Record excerpts:
[Start of Attachment]
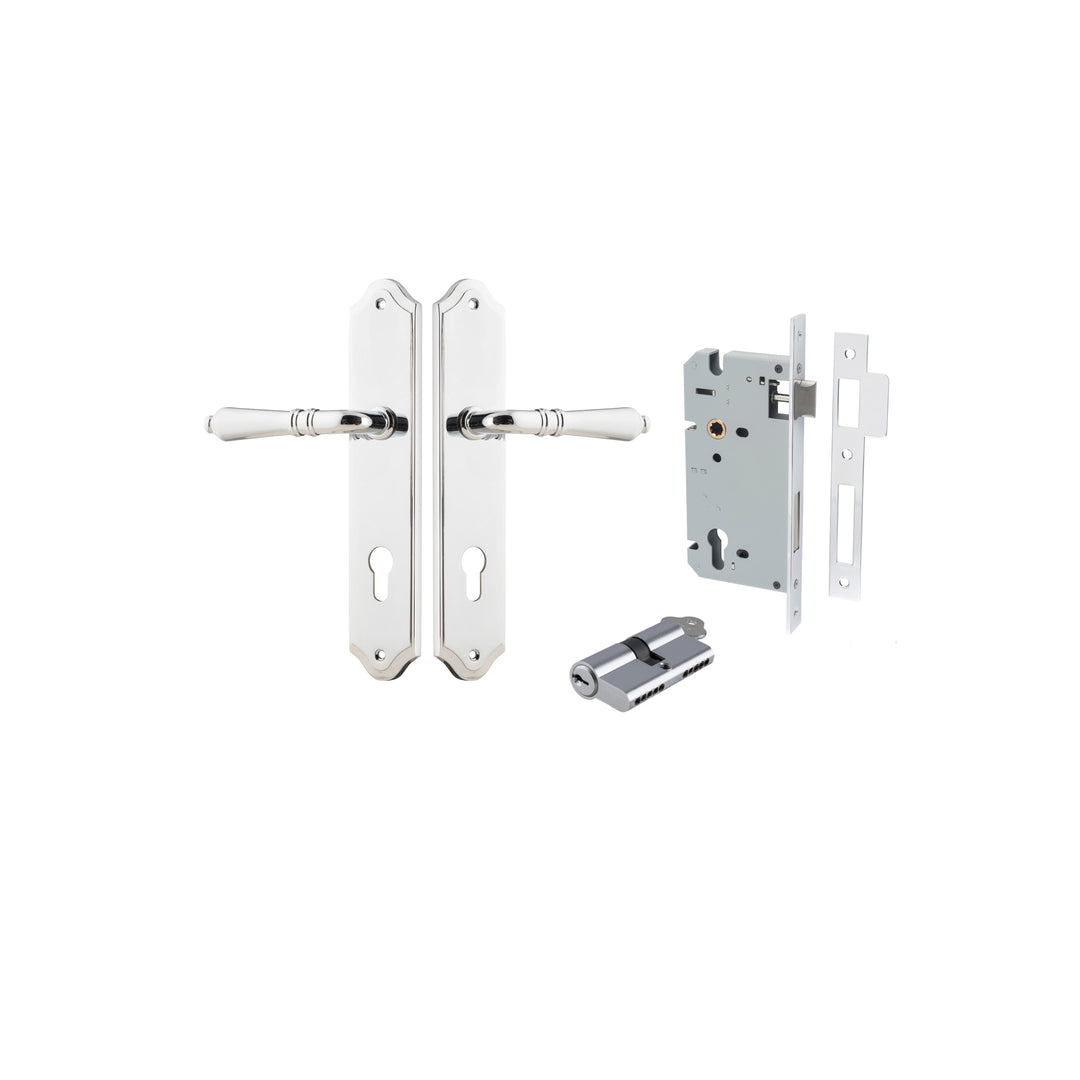Sarlat Lever - Shouldered Backplate Entrance Kit with High Security Lock Polished Chrome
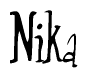 The image is of the word Nika stylized in a cursive script.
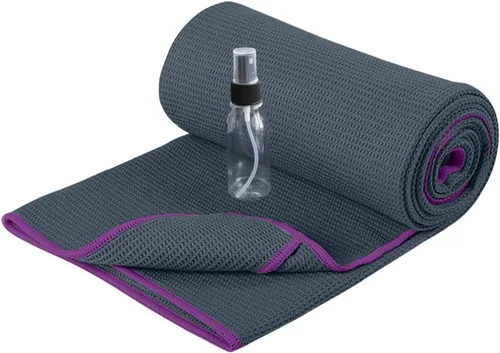 Vista 9 de Heathyoga Toalla de yoga caliente antideslizante, toalla de microfibra antideslizante, diseño exclusivo de bolsillos en las esquinas, doble agarre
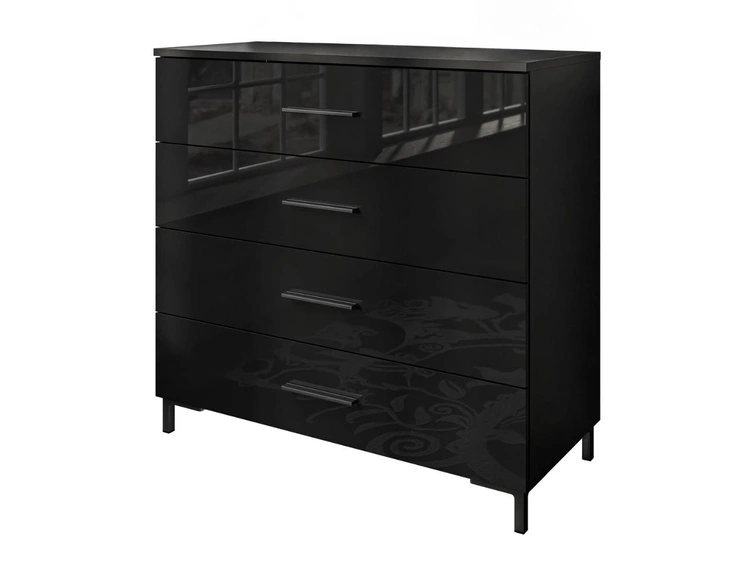 Kommode mit vier Schubladen und LED-Beleuchtung auf Schwarzen Beinen Nuveo Schwarz Hochglanz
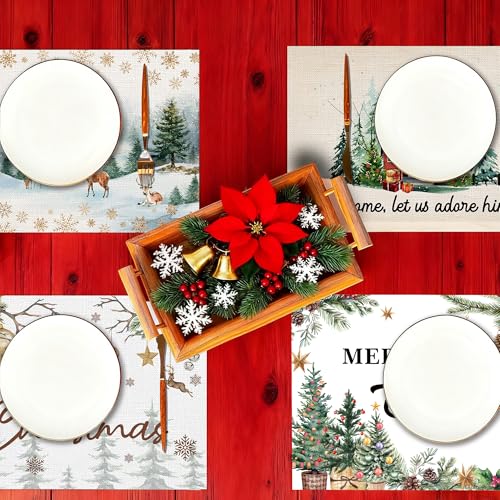 Christmas Placemats Set of 4 - Farmhouse Jesus Elk Bell Holiday Table Decor - Bible Variation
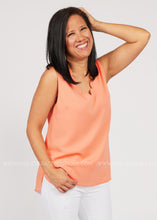Load image into Gallery viewer, Rachel Scalloped Tank-CORAL  - FINAL SALE CLEARANCE
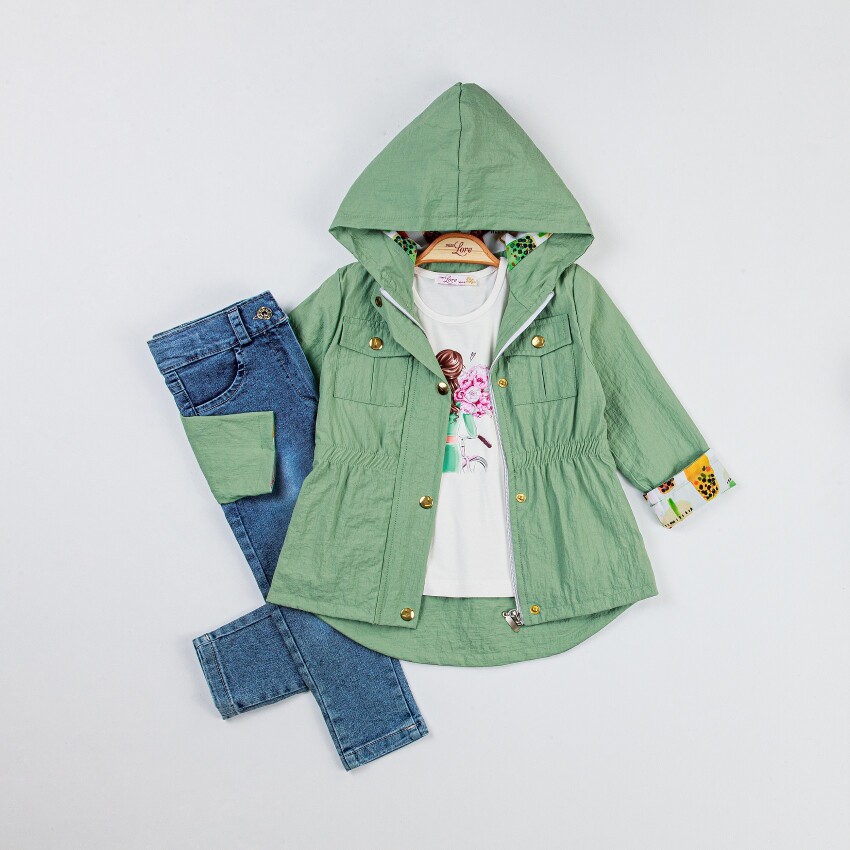 Wholesale Girls 3-Piece Jacket and Denim Pants Set 2-6Y Miss Lore 1055-5509 - 1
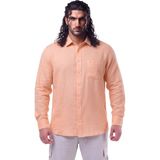 Maruf Shop Erkek Büyük Beden 118-145 Arası Için Uygun % 100 Keten Uzun Kol Rahat Kalıp Düğme Yaka Yazlık Gömlek - 6XL - Turuncu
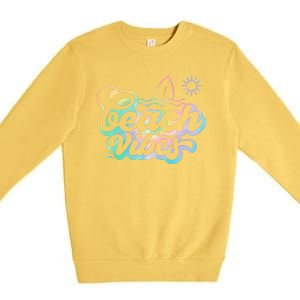 Beach Vibes Colorful Ocean Premium Crewneck Sweatshirt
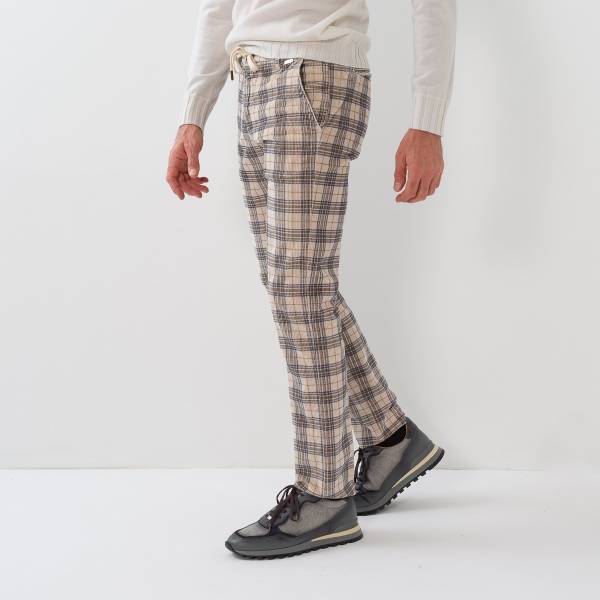 Pantalon en velours prince de gall beige marine marron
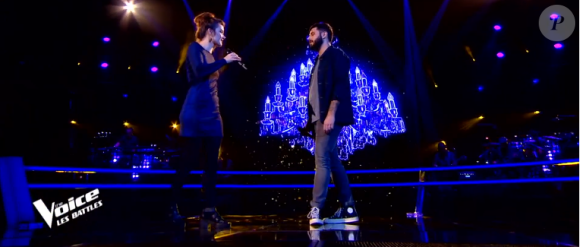 Louise et Don Pierre s'affrontent en battle dans "The Voice" - Talents de Marc Lavoine. Emissions du samedi 7 mars 2020, TF1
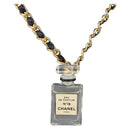 CHANEL Perfume Necklace metal Gold CC Auth mr1782-1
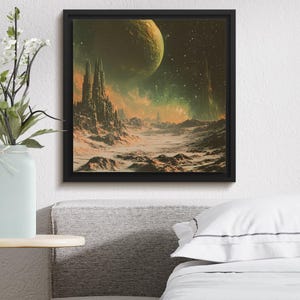Futuristic sci fi digital art space landscape with planets and alien structures printable wall art home decor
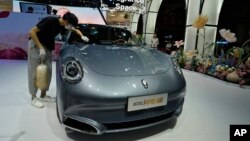 資料照片: 2023年4月18日上海車展上的歐拉電動車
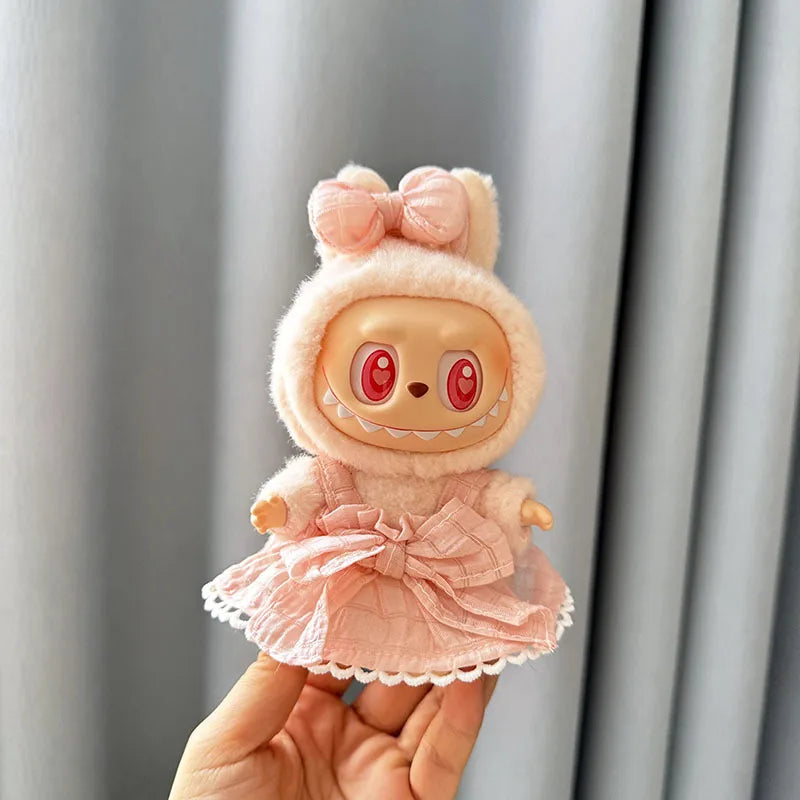 Luxury Plush Wedding Dress Dolls Clothes for Labubu I II Korea Style Fluffy Romantic Wedding Dress Flower Hat Suit for Ladbubu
[End of Attachment]
Exercise brief:
The answer must consist solely of the lines from the one with "Futuristic sci fi" through the final line of the data, each reproduced exactly and with pictures omitted.

Exercise answer:
Futuristic sci fi digital art space landscape with planets and alien structures printable wall art home decor
 資料照片: 2023年4月18日上海車展上的歐拉電動車
 Luxury Plush Wedding Dress Dolls Clothes for Labubu I II Korea Style Fluffy Romantic Wedding Dress Flower Hat Suit for Ladbubu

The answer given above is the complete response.